Ed Moisson, head of UK and cross-border research at data provider Lipper, said that transparency is largely irrelevant when fee levels are unregulated in the UK. Even if managers provide greater transparency, fees will not necessarily decrease. “Retail investors are paying more, even as information on funds improves,” he said.

Moisson said that the problem ultimately lies with the lack of impartiality regarding fiduciary responsibility. He pointed to the US, where funds are obliged to have a majority of independent directors on their boards who decide prices and are specifically tasked with reviewing fee levels.

“The reverse is true in the UK, where trustees oversee fiduciary responsibility, which has not been extended to the oversight of fees. In the UK, the total expense ratio is higher than in the US and almost every other European market. I don’t think the two factors are unrelated,” he said.

Moisson suggested: “Perhaps someone else should be overseeing fee levels, someone else to haggle over prices, rather than the retail investor, and establish what costs are really involved and whether these are appropriate. “

The UK’s Financial Services Authority has said that it does not act as a price regulator but it recently published a discussion paper indicating that this might change.
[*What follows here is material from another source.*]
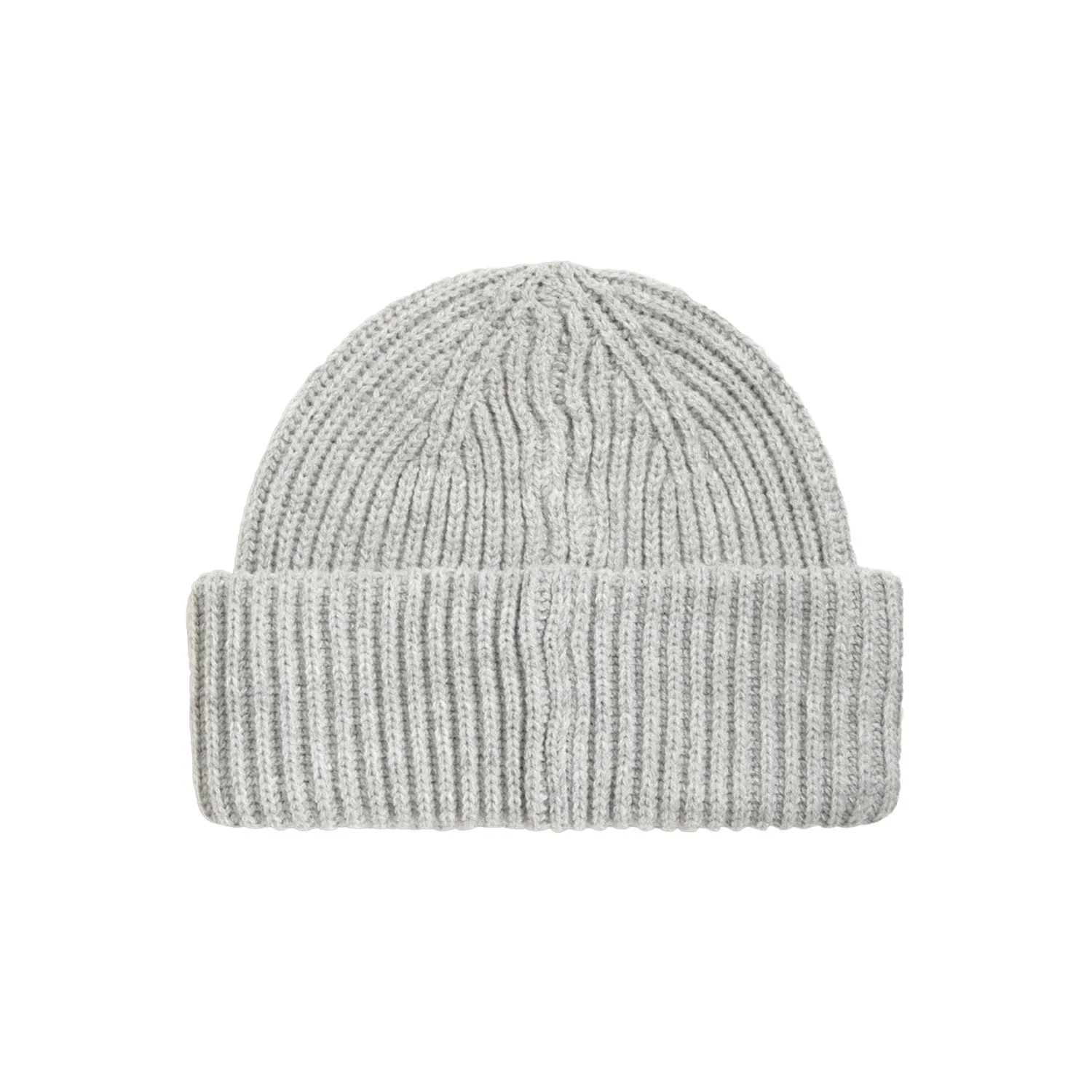 Animal Mens Roman Recycled Beanie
“Intervening on prices would be a remarkable change of tack for the FSA.  What would be even more remarkable is whether retail investors will prove able to drive down costs,” Moisson said.

Education is critical

David Bower, managing director of iShares, responsible for marketing in Europe, Middle East and Africa, took a different tack.

He argued that across many financial products,for example cash deposits, the majority of investors do not want or benefit from transparency. “Transparency does not reduce complexity – it exposes it. These are inherently complex products and many end investors cannot be empowered by transparency.” Bower argued until the majority of investors can be engaged enough to comprehend a standard prospectus, it is up to their agent to ensure they receive fair prices. “And that is why clients need total trust in their adviser that there are no conflicts of interest, which will in part be achieved through transparency provided to their advisors by product manufacturers," concluded Bower.

The key take-away message from the Breakfast Briefing was that although transparency must be implemented, it is not a panacea for the excessive fees inherent in the industry. However, until investors are educated to the point where they can understand simple percentages and figures, greater transparency is irrelevant. Ultimately the winners will be those who make themselves not only more transparent but reduce friction costs.